Page:Revue des Deux Mondes - 1896 - tome 134.djvu/366

Le texte de cette page a été corrigé et est conforme au fac-similé.

C’est de ses propres mains qu’il les dresse à l’insurrection contre les institutions de leur pays. Un de ses principaux soins n’est-il pas de placer toujours au commandement de la 17e division, c’est-à-dire à Paris, un homme sûr, qui puisse rendre de nouveau les services qu’Augereau a rendus, — un gendarme qu’il puisse lâcher, selon les exigences de sa politique, soit contre les « royalistes », soit contre les « anarchistes » des Conseils ?

L’armée a donc désormais, outre sa mission propre, nationale, — la défense de la patrie, — deux tâches nouvelles, aussi peu glorieuses l’une que l’autre à remplir : au dehors, elle pressure les populations vaincues pour entretenir avec le fruit de ses rapines le gouvernement ; au dedans, elle est la complice, ou même l’exécutrice des coups de force au moyen desquels ce gouvernement retient désespérément le pouvoir qu’il sent échapper à ses mains débiles et brutales. Il ne semble pas qu’on puisse formuler contre le régime directorial une accusation plus accablante que le simple énoncé d’une pareille conception du rôle de l’armée.

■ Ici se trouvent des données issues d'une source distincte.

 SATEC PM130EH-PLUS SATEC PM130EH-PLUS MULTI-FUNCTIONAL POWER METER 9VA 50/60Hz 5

Or ce n’est pas en dévouement, mais en mépris, que le paie cette armée : et il est presque plus grave pour un gouvernement d’être méprisé que d’être haï. Voici deux généraux dont les convictions républicaines ne peuvent être l’objet d’aucun soupçon : Bernadotte et Joubert. Tous deux ont combattu, non sans gloire, pour la Révolution ; Joubert même va, dans quelques mois, se faire tuer héroïquement pour elle à Novi. Barras rapporte une conversation de ces deux chefs en 1797. Joubert dit : « On perd bien du temps en verbiage ; moi, quand on le voudra, je finirai tout cela avec vingt grenadiers. » Bernadotte approuve, et, en bon Gascon qu’il est, renchérissant sur le propos de son camarade, ajoute : « Vingt grenadiers, c’est trop ; un caporal et quatre hommes, c’est bien assez pour faire déguerpir les avocats[1]. »

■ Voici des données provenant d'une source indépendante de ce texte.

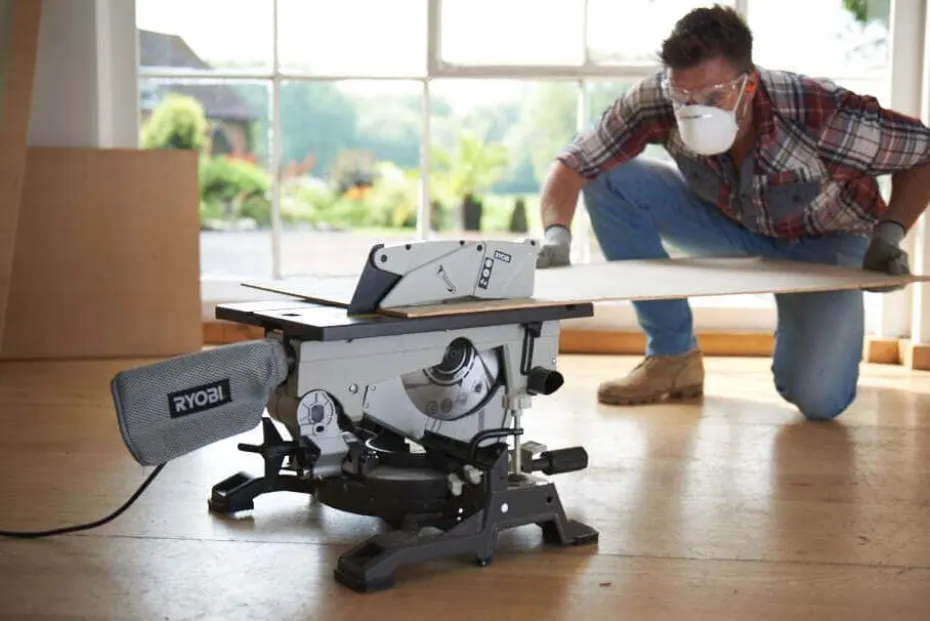 Ryobi RTMS1800-G 1800W bord/gjærsag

J’ai montré plus haut les origines de l’idée du coup d’Etat militaire, et la part qu’il convient d’attribuer au gouvernement directorial lui-même dans la formation de cette idée. La voici parvenue à son expression définitive et parfaite, enrichie d’un élément nouveau : l’idée de dictature militaire, qui devait tôt ou tard se greffer sur celle du coup d’Etat exécuté par les mains de l’armée. Les jours du Directoire désormais sont comptés. Que ce soit Hoche ou Bonaparte, ou même un autre, qui débarrasse la France de ce régime dont elle est lasse jusqu’à l’écœurement, — car, à défaut de Hoche et de Bonaparte, un autre, il n’en faut pas douter, se

  1. Mémoires de Barras, t. III, p. 361.